_Exercise description_
Beginning with the line below that contains "Mercedes EQE W295" and ending with the line that contains "Foto 11 van Porporastraat 138", retype every line exactly. Pictures are not copied.

[[ Data to use, beginning ]]

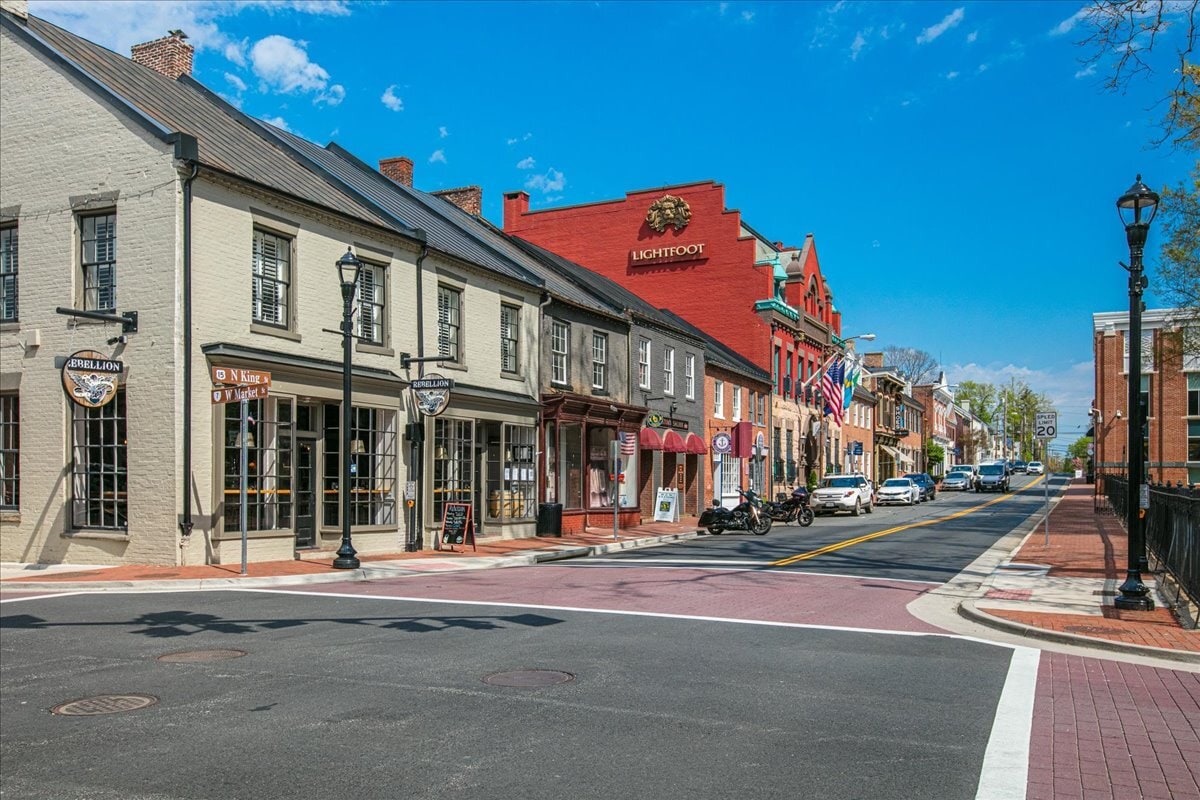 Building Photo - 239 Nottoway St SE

[[ Data to use, end ]]
[[ Data to use, beginning ]]

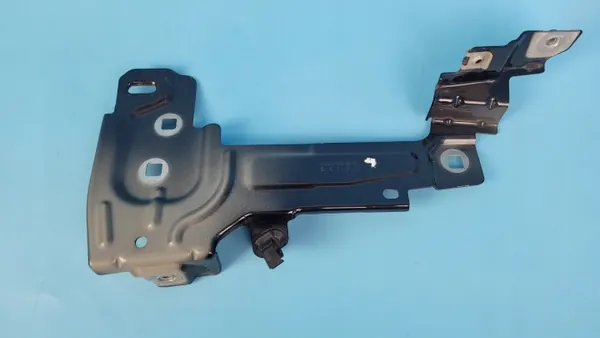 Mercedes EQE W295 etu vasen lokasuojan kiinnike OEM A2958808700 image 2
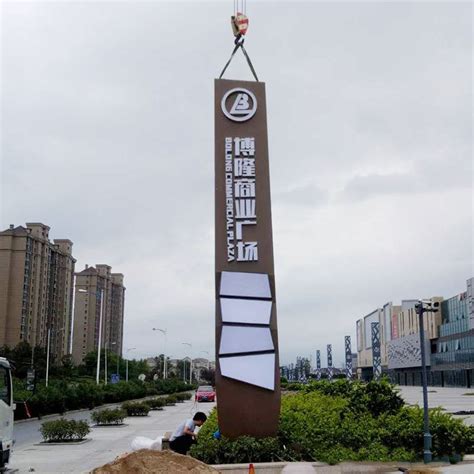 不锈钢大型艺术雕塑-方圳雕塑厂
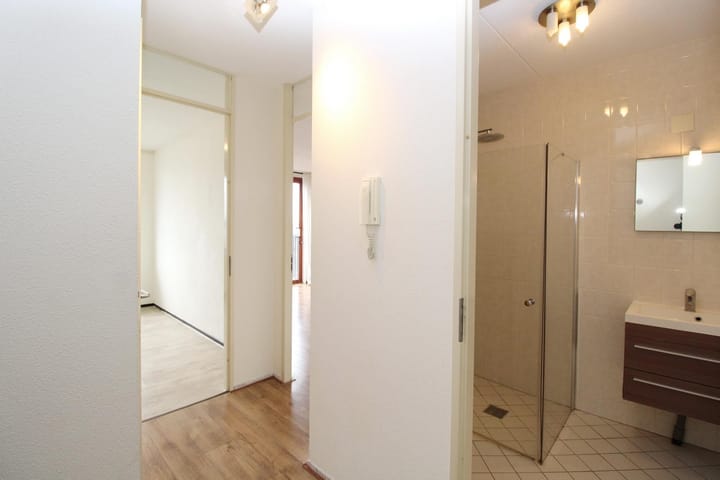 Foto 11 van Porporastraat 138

[[ Data to use, end ]]

_Answer space_
 Mercedes EQE W295 etu vasen lokasuojan kiinnike OEM A2958808700 image 2
 不锈钢大型艺术雕塑-方圳雕塑厂
 Foto 11 van Porporastraat 138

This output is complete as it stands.